Biochar is charcoal made by heating plant waste—rice straw, peanut shells, wood scraps—over long periods in low-oxygen conditions, for example buried in the ground. It can store CO2 for long periods, and also enriches soil.
DRAWBACK: The scientific jury is still out on how quickly this method could be scaled up, and on the stability of biochar used as a fertiliser.
Solar radiation management
Unlike other strategies, solar radiation management does not target CO2. The goal is simple: prevent some of the sun's rays from hitting the planet's surface, forcing them back up into space.
One idea is to inject or spray tiny reflective particles into the stratosphere—possible with balloons, aircraft or through giant tubes.
Nature sometimes does the same: Debris from the 1991 eruption of Mount Pinatubo in the Philippines lowered the planet's average surface temperature for a year or two afterwards.

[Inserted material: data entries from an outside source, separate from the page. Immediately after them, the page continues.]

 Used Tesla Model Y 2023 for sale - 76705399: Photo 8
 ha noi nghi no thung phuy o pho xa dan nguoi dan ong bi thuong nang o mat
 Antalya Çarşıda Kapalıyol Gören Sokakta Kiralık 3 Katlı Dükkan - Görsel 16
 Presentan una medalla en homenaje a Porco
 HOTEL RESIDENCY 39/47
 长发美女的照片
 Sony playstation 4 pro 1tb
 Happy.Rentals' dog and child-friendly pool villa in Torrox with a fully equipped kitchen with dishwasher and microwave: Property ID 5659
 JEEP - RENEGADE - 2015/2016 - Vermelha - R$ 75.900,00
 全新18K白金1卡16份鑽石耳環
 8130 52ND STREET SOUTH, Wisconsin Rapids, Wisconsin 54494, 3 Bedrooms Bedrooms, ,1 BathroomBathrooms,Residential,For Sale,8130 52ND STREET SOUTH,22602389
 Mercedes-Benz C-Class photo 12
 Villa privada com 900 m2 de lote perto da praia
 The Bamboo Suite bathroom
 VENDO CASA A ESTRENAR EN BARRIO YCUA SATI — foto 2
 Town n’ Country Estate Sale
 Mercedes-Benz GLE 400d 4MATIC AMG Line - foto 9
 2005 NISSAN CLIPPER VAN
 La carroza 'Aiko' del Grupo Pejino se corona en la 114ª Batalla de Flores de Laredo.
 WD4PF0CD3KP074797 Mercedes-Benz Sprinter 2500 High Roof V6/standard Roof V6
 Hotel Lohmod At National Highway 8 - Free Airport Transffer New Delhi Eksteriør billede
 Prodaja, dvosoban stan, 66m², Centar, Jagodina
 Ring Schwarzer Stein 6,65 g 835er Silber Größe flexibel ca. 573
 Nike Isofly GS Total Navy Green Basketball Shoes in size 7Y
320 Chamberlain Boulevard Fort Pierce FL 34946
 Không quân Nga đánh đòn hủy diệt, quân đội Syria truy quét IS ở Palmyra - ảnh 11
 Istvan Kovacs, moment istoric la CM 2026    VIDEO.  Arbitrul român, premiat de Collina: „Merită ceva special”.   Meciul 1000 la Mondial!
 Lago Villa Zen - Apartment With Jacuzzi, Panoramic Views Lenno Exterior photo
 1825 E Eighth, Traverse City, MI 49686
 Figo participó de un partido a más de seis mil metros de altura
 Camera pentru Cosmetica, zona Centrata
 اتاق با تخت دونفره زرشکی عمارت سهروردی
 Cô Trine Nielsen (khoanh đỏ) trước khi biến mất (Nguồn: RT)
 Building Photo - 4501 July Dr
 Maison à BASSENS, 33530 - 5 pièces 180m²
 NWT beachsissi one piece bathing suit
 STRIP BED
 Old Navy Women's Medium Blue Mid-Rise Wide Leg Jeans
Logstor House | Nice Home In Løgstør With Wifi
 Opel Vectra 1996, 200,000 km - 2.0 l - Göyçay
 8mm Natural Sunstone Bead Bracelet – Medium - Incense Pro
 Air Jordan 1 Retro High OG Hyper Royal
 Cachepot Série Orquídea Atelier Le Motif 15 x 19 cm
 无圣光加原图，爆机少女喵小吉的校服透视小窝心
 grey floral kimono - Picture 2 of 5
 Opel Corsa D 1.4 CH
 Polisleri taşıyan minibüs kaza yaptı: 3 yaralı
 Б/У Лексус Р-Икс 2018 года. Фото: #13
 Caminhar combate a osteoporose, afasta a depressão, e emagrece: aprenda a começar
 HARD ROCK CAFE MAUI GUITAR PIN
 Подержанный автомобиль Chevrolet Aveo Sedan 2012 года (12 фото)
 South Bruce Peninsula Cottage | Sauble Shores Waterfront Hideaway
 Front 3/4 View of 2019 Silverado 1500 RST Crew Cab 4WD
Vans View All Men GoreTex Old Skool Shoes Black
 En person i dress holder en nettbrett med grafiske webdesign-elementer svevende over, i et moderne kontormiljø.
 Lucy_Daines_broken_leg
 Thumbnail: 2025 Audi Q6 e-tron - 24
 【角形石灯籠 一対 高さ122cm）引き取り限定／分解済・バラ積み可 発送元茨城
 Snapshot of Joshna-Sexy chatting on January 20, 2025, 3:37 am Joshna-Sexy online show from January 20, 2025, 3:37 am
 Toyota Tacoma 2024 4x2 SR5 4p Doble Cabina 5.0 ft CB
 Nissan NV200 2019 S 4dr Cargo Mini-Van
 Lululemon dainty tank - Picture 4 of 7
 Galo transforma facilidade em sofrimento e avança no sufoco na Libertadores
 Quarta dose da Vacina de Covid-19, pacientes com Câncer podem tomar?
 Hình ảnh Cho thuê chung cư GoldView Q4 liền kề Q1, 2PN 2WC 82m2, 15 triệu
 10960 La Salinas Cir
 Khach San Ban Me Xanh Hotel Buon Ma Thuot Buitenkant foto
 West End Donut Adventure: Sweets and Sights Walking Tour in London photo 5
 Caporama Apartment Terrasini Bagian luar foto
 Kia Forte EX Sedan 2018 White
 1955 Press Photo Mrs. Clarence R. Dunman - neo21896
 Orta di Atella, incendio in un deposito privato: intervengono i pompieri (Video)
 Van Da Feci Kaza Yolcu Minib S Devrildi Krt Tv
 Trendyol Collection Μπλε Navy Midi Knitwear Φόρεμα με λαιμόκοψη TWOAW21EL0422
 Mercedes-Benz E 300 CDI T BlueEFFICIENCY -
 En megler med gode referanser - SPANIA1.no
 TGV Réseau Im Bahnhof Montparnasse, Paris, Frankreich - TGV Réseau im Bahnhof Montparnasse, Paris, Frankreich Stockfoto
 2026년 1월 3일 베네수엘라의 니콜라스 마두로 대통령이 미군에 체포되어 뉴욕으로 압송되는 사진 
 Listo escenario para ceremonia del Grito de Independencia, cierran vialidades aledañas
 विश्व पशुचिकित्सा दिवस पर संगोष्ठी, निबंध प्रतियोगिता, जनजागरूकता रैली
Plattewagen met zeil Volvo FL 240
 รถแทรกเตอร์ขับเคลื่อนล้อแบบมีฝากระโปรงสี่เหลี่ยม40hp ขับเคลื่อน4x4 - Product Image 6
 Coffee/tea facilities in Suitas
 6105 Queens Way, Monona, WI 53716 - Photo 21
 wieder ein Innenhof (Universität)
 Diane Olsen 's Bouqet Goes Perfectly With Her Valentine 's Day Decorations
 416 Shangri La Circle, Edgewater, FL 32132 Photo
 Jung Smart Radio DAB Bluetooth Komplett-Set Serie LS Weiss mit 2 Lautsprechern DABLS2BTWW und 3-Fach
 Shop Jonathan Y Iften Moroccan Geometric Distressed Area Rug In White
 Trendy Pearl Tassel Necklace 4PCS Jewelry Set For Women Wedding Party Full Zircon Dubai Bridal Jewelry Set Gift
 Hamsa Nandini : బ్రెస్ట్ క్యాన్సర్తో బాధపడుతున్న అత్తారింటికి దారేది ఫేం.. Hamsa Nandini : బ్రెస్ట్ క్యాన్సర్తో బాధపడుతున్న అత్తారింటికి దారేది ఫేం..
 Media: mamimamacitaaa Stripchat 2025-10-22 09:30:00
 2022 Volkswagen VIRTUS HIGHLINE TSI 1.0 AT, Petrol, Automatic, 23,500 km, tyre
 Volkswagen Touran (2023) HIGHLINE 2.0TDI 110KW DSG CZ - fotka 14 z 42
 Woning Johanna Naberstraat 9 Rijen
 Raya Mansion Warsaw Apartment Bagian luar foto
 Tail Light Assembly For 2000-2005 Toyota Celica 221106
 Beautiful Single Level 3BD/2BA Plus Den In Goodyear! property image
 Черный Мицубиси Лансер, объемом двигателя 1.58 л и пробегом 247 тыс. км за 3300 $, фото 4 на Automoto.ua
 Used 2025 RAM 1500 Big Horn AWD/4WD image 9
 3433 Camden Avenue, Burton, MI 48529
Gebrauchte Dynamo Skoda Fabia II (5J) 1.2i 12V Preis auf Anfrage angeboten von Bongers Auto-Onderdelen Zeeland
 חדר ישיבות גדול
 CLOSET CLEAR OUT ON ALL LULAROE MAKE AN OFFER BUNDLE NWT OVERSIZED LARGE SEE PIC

Scientists have also calculated ways to alter clouds that could help beat the heat. One is to brighten the white, billowy ocean clouds that reflect sunlight. Another would thin cirrus clouds, which unlike other types absorb more heat than they reflect.
DRAWBACKS: Even if it works as intended, solar radiation management would do nothing to reduce atmospheric CO2, which is making oceans too acidic. There is also the danger of knock-on consequences, including changes in rainfall patterns, and what scientists call "termination shock"—a sudden warming if the system were to fail.